• _Problem description_
All that is needed is the line in the material below containing "Pioneer Electric Bike", plus every line after it, printed exactly.

*** Data under study Section Begins ***

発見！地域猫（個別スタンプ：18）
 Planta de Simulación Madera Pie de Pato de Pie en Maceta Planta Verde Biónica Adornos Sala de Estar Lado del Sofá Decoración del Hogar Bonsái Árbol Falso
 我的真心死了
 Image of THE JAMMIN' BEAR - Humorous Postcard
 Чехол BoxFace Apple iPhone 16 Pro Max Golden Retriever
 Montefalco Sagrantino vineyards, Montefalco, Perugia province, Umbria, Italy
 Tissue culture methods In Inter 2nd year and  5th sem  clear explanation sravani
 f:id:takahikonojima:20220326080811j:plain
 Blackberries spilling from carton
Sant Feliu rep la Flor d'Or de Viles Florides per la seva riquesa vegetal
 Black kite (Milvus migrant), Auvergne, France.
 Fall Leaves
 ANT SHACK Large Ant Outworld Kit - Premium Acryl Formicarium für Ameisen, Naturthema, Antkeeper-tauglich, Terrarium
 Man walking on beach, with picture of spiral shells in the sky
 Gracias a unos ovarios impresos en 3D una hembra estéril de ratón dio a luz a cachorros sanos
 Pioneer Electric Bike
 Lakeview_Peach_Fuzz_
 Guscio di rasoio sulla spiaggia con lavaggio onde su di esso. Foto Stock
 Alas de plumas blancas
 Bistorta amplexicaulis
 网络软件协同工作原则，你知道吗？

*** Data under study Section Ends ***

• _Problem solution_
 Pioneer Electric Bike
 Lakeview_Peach_Fuzz_
 Guscio di rasoio sulla spiaggia con lavaggio onde su di esso. Foto Stock
 Alas de plumas blancas
 Bistorta amplexicaulis
 网络软件协同工作原则，你知道吗？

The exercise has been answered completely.